The balloons floating around the UMBC Campus a few weeks ago were associated with an introductory course (GES 286) in the Department of Geography and Environmental Systems (GES). Students in the course were out flying the balloons with digital cameras attached in an attempt to learn how remote sensing assists with data collection. The balloons were flown at an altitude of approximately 400 ft and the cameras were set to take pictures every 10 seconds in both the full color and the near Infrared portions of the electromagnetic spectrum. By combining specific parts of the images together students are able to determine whether vegetation is healthy or under stress. This method of data collection and mapping is being used around the country by a variety of people associated with Public Labs (http://publiclab.org/) (https://twitter.com/publiclab).
The original idea for this lab came from PhD candidate Jonathan Dandois, who works in Dr. Erle Ellis’ lab in the GES Department. The Ecosynth project (http://ecosynth.org/), at the center of Jonathan’s dissertation, focuses on the use of small and light-weight, hobbyist-grade automated multi-rotor copters to collect aerial photos to study forest canopy structure.
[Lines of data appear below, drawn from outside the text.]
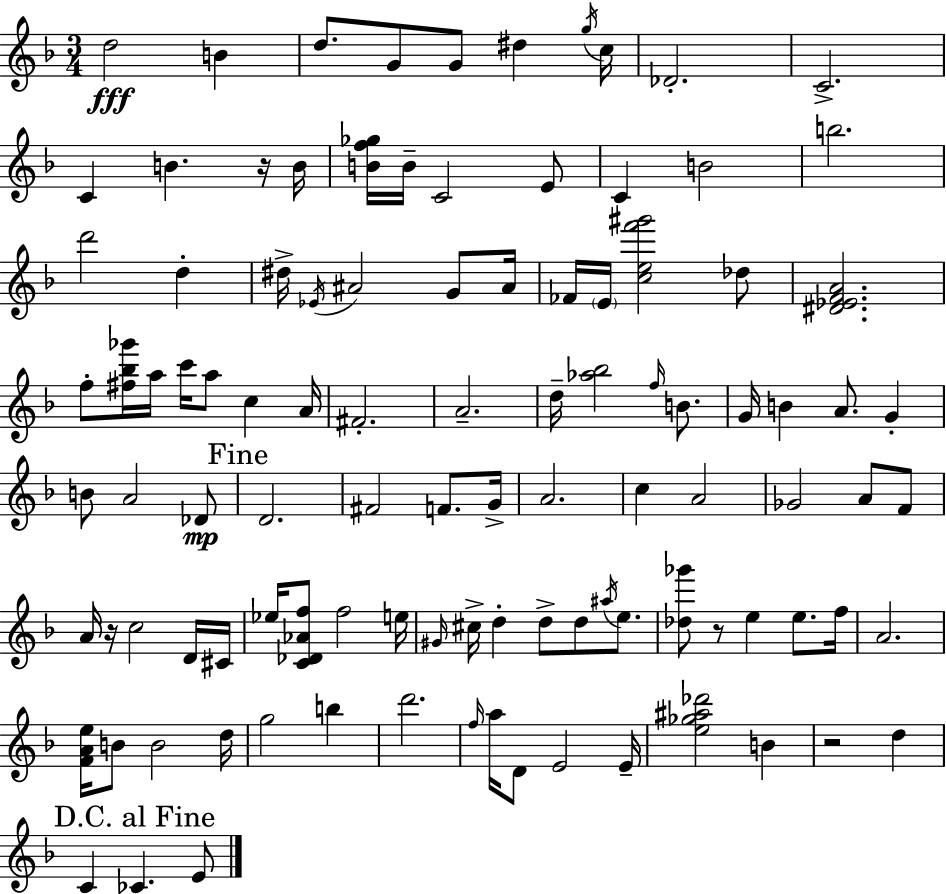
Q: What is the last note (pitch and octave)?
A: E4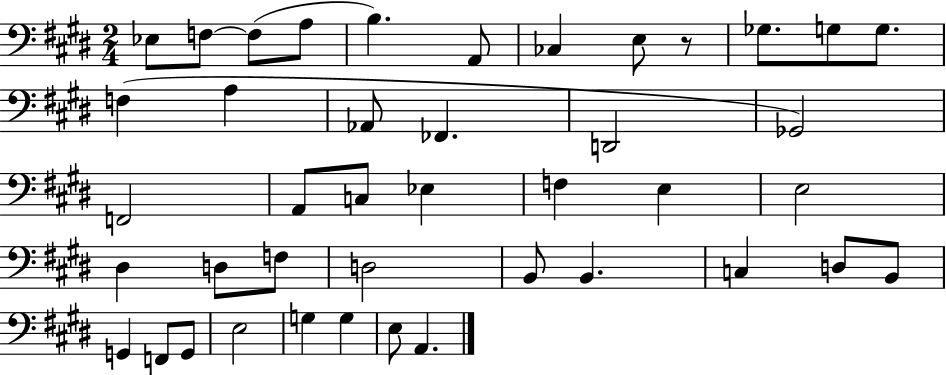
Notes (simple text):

Eb3/e F3/e F3/e A3/e B3/q. A2/e CES3/q E3/e R/e Gb3/e. G3/e G3/e. F3/q A3/q Ab2/e FES2/q. D2/h Gb2/h F2/h A2/e C3/e Eb3/q F3/q E3/q E3/h D#3/q D3/e F3/e D3/h B2/e B2/q. C3/q D3/e B2/e G2/q F2/e G2/e E3/h G3/q G3/q E3/e A2/q.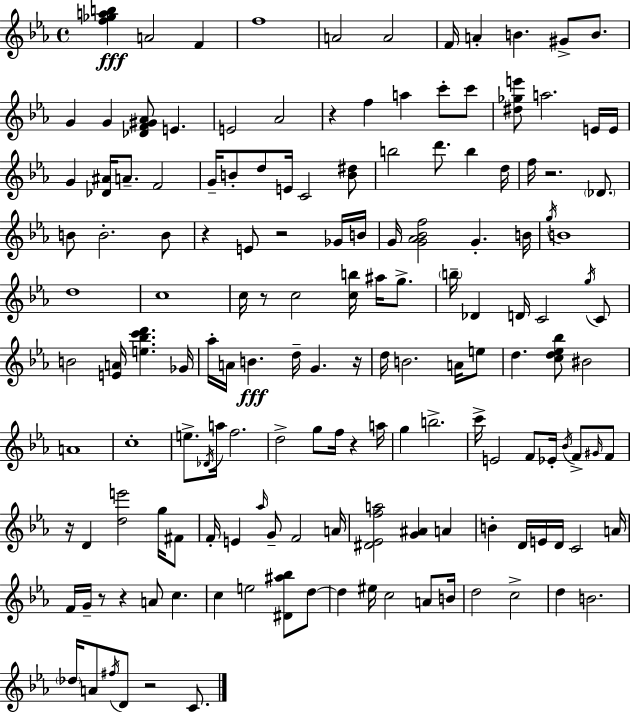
{
  \clef treble
  \time 4/4
  \defaultTimeSignature
  \key c \minor
  <f'' ges'' a'' b''>4\fff a'2 f'4 | f''1 | a'2 a'2 | f'16 a'4-. b'4. gis'8-> b'8. | \break g'4 g'4 <des' f' gis' aes'>8 e'4. | e'2 aes'2 | r4 f''4 a''4 c'''8-. c'''8 | <dis'' ges'' e'''>8 a''2. e'16 e'16 | \break g'4 <des' ais'>16 a'8.-- f'2 | g'16-- b'8-. d''8 e'16 c'2 <b' dis''>8 | b''2 d'''8. b''4 d''16 | f''16 r2. \parenthesize des'8. | \break b'8 b'2.-. b'8 | r4 e'8 r2 ges'16 b'16 | g'16 <g' aes' bes' f''>2 g'4.-. b'16 | \acciaccatura { g''16 } b'1 | \break d''1 | c''1 | c''16 r8 c''2 <c'' b''>16 ais''16 g''8.-> | \parenthesize b''16-- des'4 d'16 c'2 \acciaccatura { g''16 } | \break c'8 b'2 <e' a'>16 <e'' bes'' c''' d'''>4. | ges'16 aes''16-. a'16 b'4.\fff d''16-- g'4. | r16 d''16 b'2. a'16 | e''8 d''4. <c'' d'' ees'' bes''>8 bis'2 | \break a'1 | c''1-. | e''8.-> \acciaccatura { des'16 } a''16 f''2. | d''2-> g''8 f''16 r4 | \break a''16 g''4 b''2.-> | c'''16-> e'2 f'8 ees'16-. \acciaccatura { bes'16 } | f'8-> \grace { gis'16 } f'8 r16 d'4 <d'' e'''>2 | g''16 fis'8 f'16-. e'4 \grace { aes''16 } g'8-- f'2 | \break a'16 <dis' ees' f'' a''>2 <g' ais'>4 | a'4 b'4-. d'16 e'16 d'16 c'2 | a'16 f'16 g'16-- r8 r4 a'8 | c''4. c''4 e''2 | \break <dis' ais'' bes''>8 d''8~~ d''4 eis''16 c''2 | a'8 b'16 d''2 c''2-> | d''4 b'2. | \parenthesize des''16 a'8 \acciaccatura { fis''16 } d'8 r2 | \break c'8. \bar "|."
}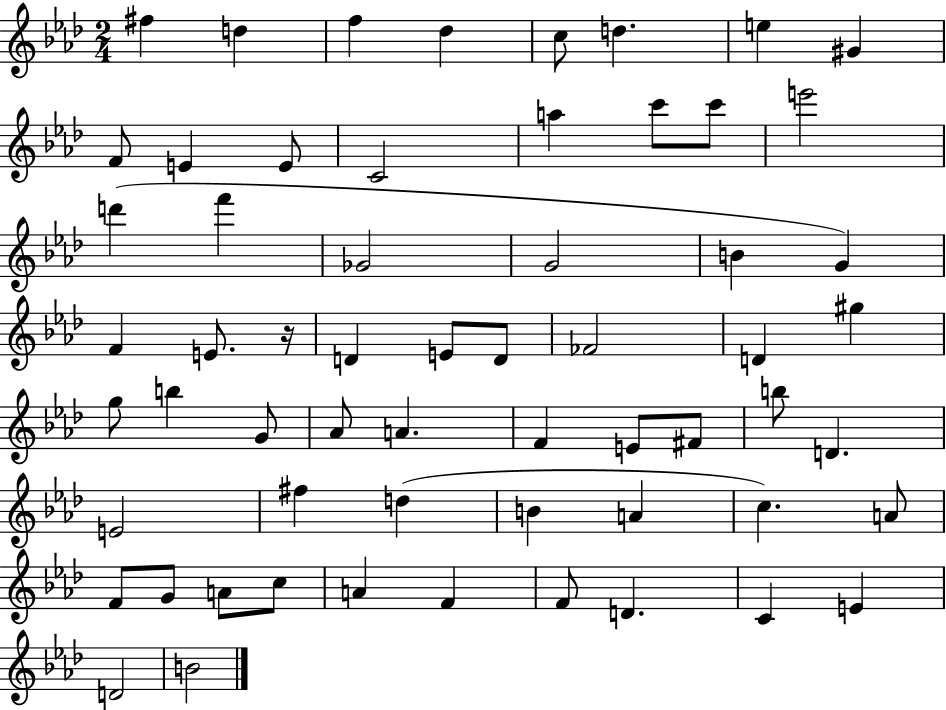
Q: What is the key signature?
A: AES major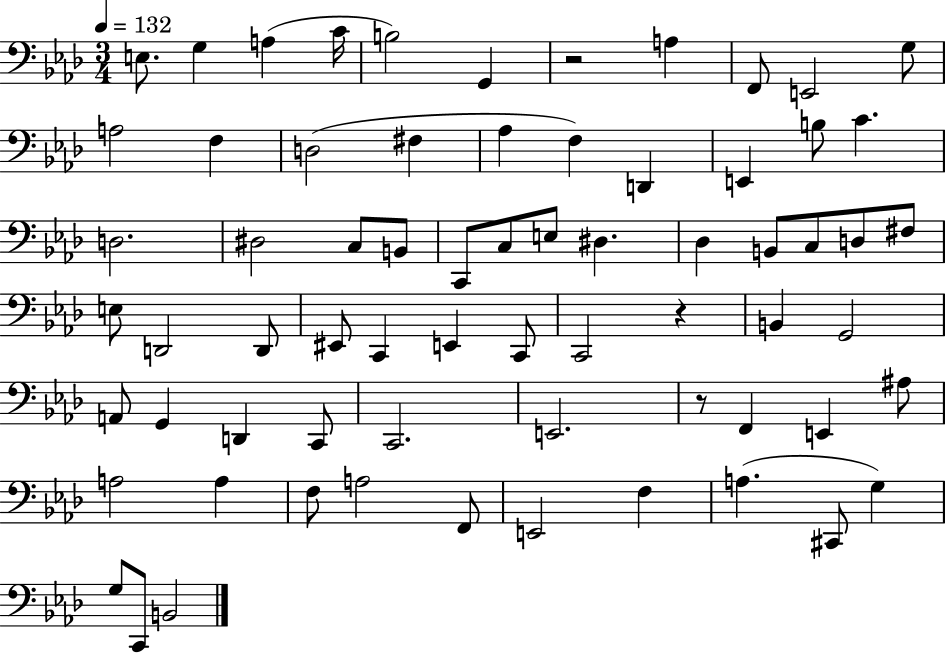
{
  \clef bass
  \numericTimeSignature
  \time 3/4
  \key aes \major
  \tempo 4 = 132
  e8. g4 a4( c'16 | b2) g,4 | r2 a4 | f,8 e,2 g8 | \break a2 f4 | d2( fis4 | aes4 f4) d,4 | e,4 b8 c'4. | \break d2. | dis2 c8 b,8 | c,8 c8 e8 dis4. | des4 b,8 c8 d8 fis8 | \break e8 d,2 d,8 | eis,8 c,4 e,4 c,8 | c,2 r4 | b,4 g,2 | \break a,8 g,4 d,4 c,8 | c,2. | e,2. | r8 f,4 e,4 ais8 | \break a2 a4 | f8 a2 f,8 | e,2 f4 | a4.( cis,8 g4) | \break g8 c,8 b,2 | \bar "|."
}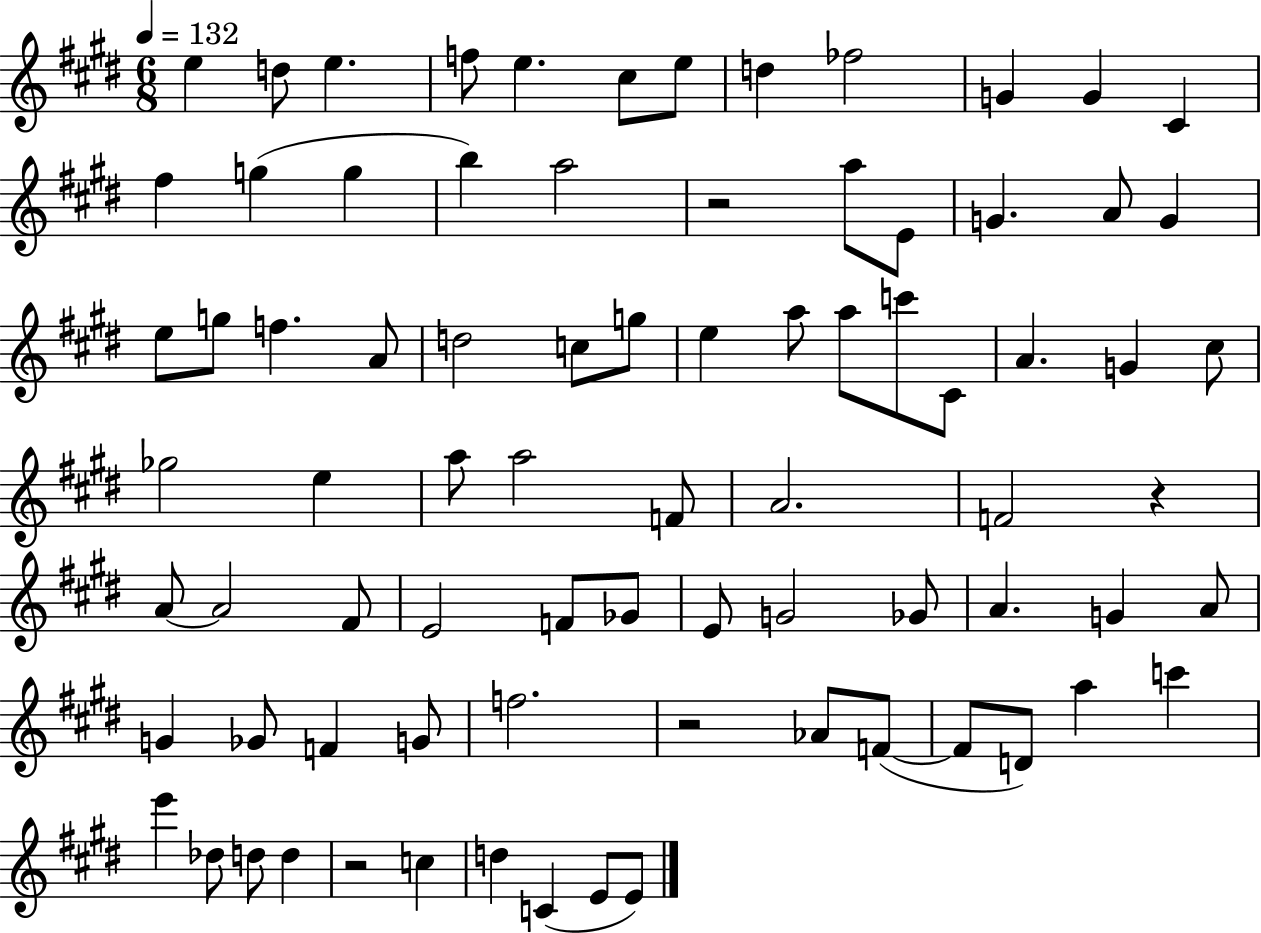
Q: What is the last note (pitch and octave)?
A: E4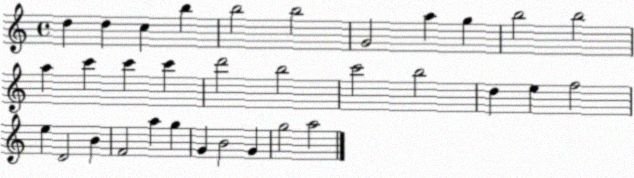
X:1
T:Untitled
M:4/4
L:1/4
K:C
d d c b b2 b2 G2 a g b2 b2 a c' c' c' d'2 b2 c'2 b2 d e f2 e D2 B F2 a g G B2 G g2 a2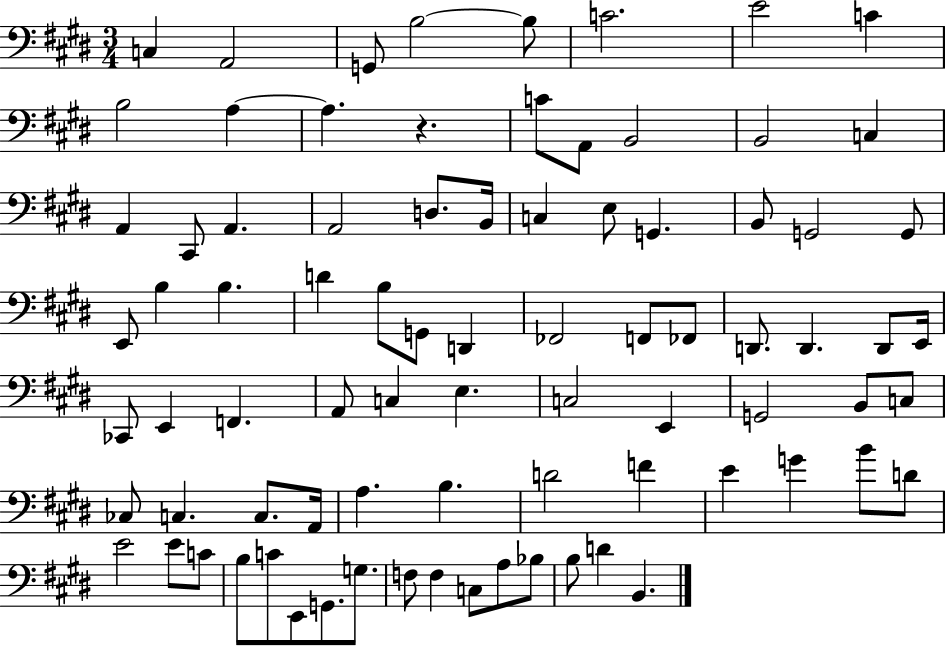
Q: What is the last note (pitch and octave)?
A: B2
The Department of Geography and Environmental Systems offers GES 286 each semester, it meets the university requirement for a lab science, and includes a number of other labs (pictures from some of those labs are below) that allow students to explore the environment around UMBC. Students use state of the art GIS software in the department’s Geospatial Lab to help with analysis and display of the data they collect. The course is open to all UMBC students.